Chamey Butter: A Bicycle Odyssey Part 2



This post is written by my brother, and is a hilarious story of his last-minute decision to ride his bike home from Santa Cruz to Orange County.  Accompanied by his heterosexual life partner, the adventurers battle fatigue, hunger, the irritation that is inevitably caused by other bikers in spandex, and donuts. You can read part 1 HERE

The guidebook was buried deep inside the black satchel abyss of Dan’s disorderly panniers, probably next to the steamy sausage. And yes, we were lost again: Really lost. We’d passed our turn miles before and had to either retrace our pedals or hope for the best. I don’t even want to discuss the demon hell hill we faced. All full of jagged teeth and the type of steep that screams. Every time we thought we chopped off the beast’s head, it grew another, over and over until our pain and war fury were the only things that kept us from stopping. We finally learned to focus on that white-painted shoulder line instead of the winding distance, always up and above.

About halfway up some cyclists rode by. They had huge calves and slicked up cycles, those fancy helmets like rocket ships strapped to their heads and sugar fueled farts shoved up their asses which broke speed of sound barriers. One of ‘em was full of talk. Figures we were on a hill when they cruised by, getting us when we were down and out, covered in sweat, in the middle of battle.

“Hey guys! Where ya headed?” They approached with too many smiles and no hints of strain in their voice.

That’s what those Cadillac bikes will do for you.

“Sunset Beach, past L.A.” We said, between gasps of air and curses at their mothers, all full of pride.

“Oh wow! Where’d you start?” Who knows how that guy had so much chipper. I was sputtering and sucking air, my eyes wet with suffer, but finally I was able to meager it out, “Santa Cruz.”

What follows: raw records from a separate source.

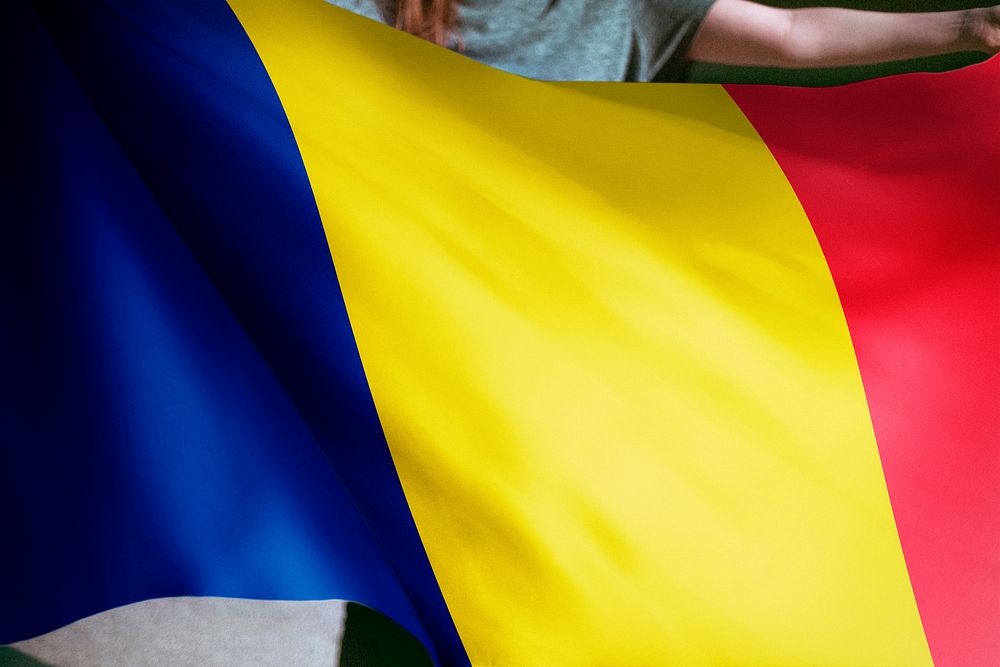 Person holding Chad flag background, national symbol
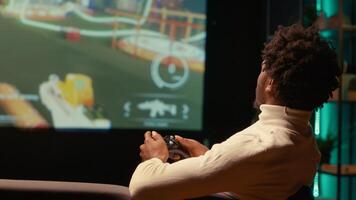 African american man playing shooter videogame on widescreen TV in futuristic setting with health, stamina, ammo bars HUD overlay. Close up shot of gamer enjoying PvP fps online multiplayer game photo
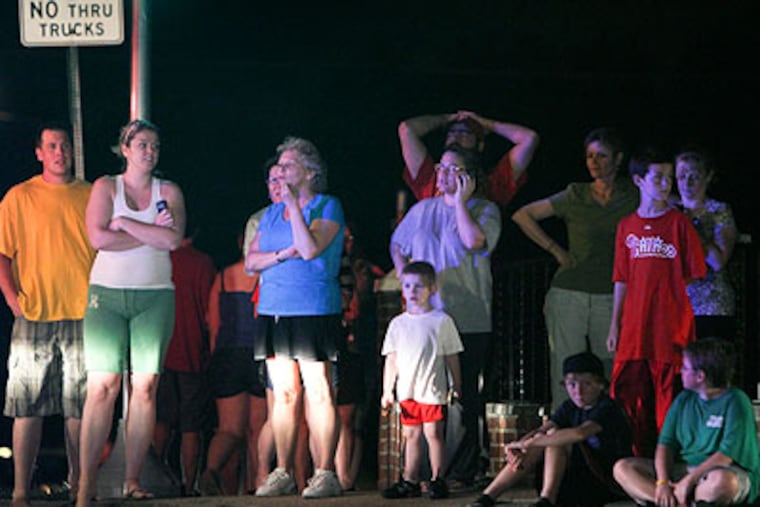 Neighbors gather after experiencing what was determined to be an earthquake in Northeast Philadelphia near Knights Road and Fairdale Road on Friday night. (Joseph Kaczmarek / For the Daily News)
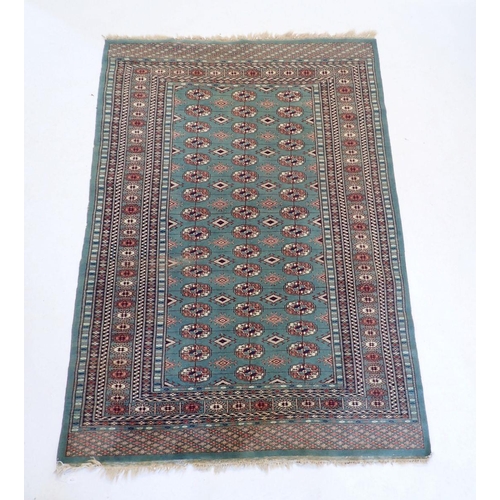 1148 - A Turkoman rug with multiple guls on a green ground 178x128cm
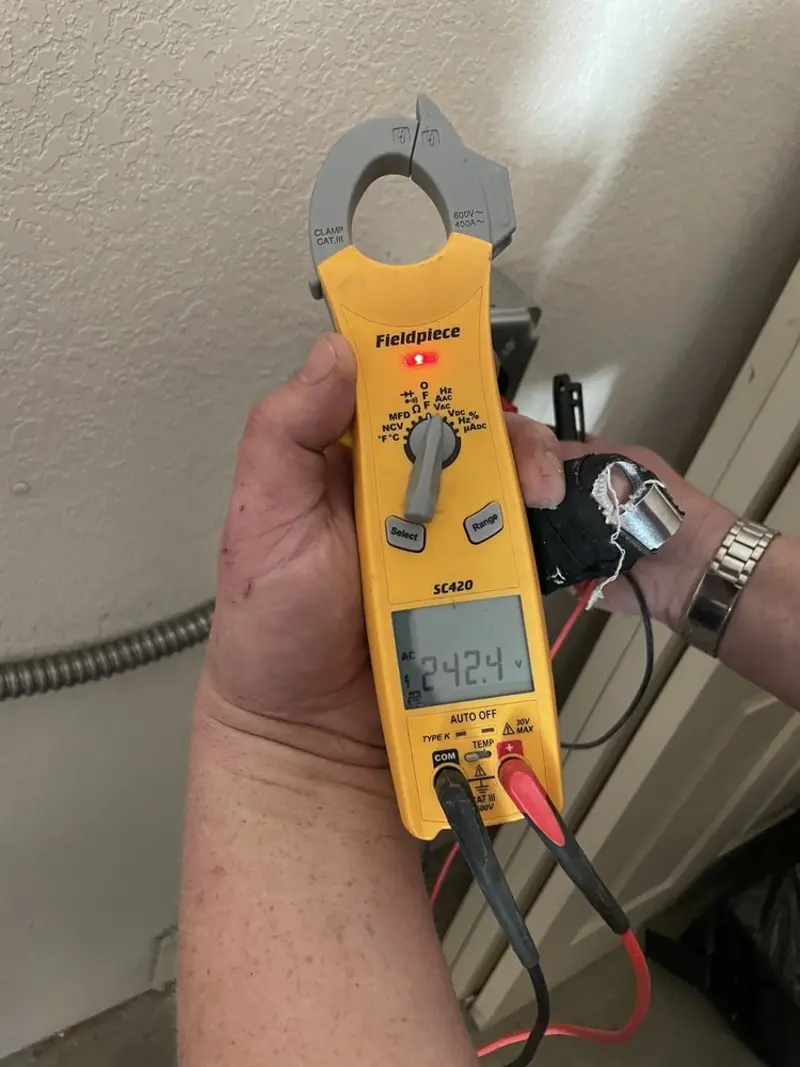 Voltage testing with clamp meter during Electrical Installation Services in Comstock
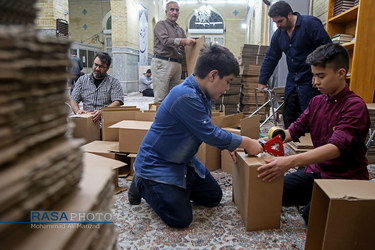 بسته بندی و توزیع ۱۵۰۰ بسته اقلام غذایی و بهداشتی در میان نیازمندان قم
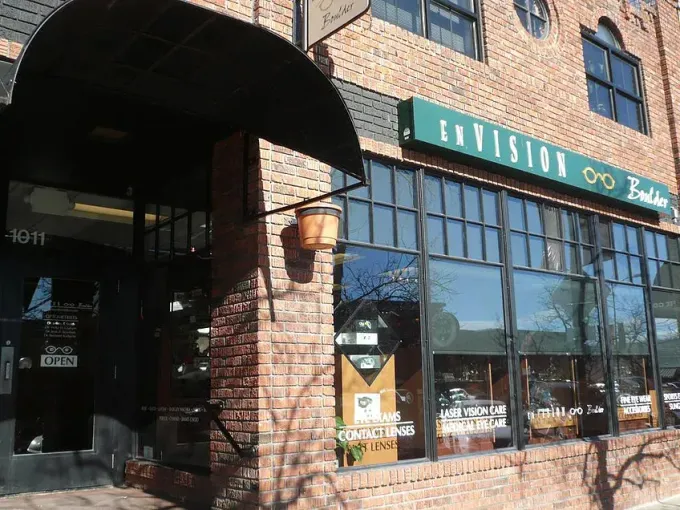 Brick storefront with large windows and green sign reading “Division,” in bright sunlight.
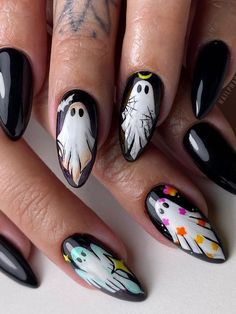 Get into the Halloween spirit with these simple yet chic nail designs for 2024! Featuring classic spooky elements like black cats and spider webs, these nails are perfect for a stylish and understated look. 🕸️ Whether you're dressing up or keeping it casual, these nails add the perfect Halloween touch. Explore more now! #HalloweenNails #SpookyStyle #NailInspo Simple Acrylic Halloween Nails, Sheet Ghost Nails, Cat Ghost Nails, Oval Acrylic Nails Short Halloween, Ghost Fall Nails, Halloween Star Nails, Hawollen Nails, Spooky Wedding Nails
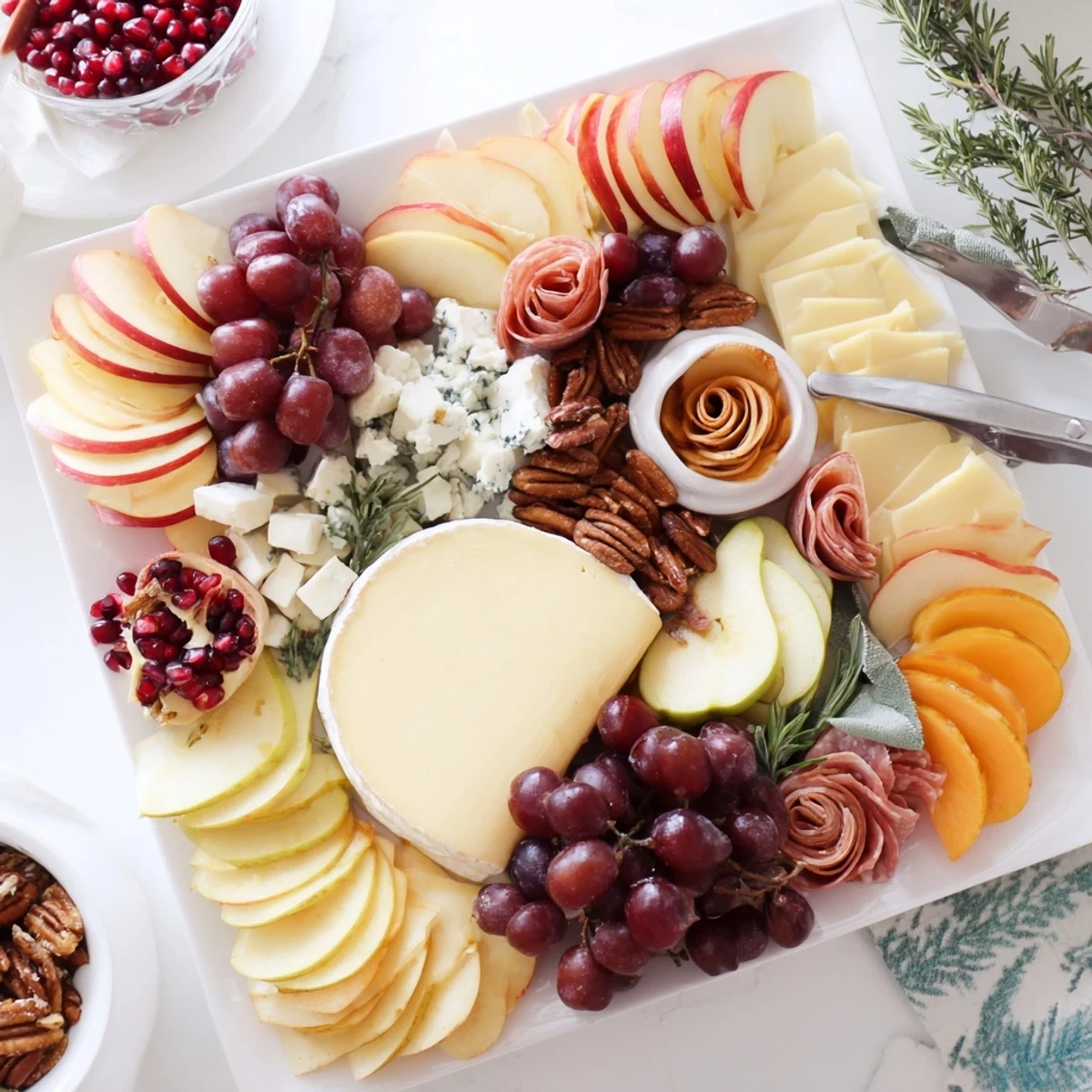 A beautiful Jingle Bell Cheese Board, overflowing with colorful fruits, cheeses, and holiday treats.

“Cool! How long ya taking?” How many blasted questions was this guy going to ask? Couldn’t he see we were in the middle of tearing things apart, at war with the pavement? Made me want to jump off that bike and kick his neoprene shirt and padded shorts right off the highway and steal his rocket ship helmet. Those things are full of power. Maybe if I had a rocket ship on my noggin I’d have some power, and I could use some of that power to answer all of those questions and then kick some extra ass with his carbon fiber seat bolts and anodized spoke nipples.

Here’s some wisdom: Don’t pester a man at war.

My shoe was nearly out of its cage for a bike-by drop kick over the edge when Dan saved that man’s life. “About five days we think. Maybe six.”

“Oohhh…” he grinned with a sort of mocking chuckle, trading eyes with his buddy, “Really taking your time about things huh? Ha ha ha. Well, see ya later.” And they were gone. I counted the seconds to see how long it’d take them to get out of range of my grenade launcher and only got to three rocket ships. Ha Ha. Whatever. At least we still had our dark hearts and grit. After all, we were pedaling ourselves up those hills. Cadillac cycles are for the faint of heart. Single speed heaps of crap are for men.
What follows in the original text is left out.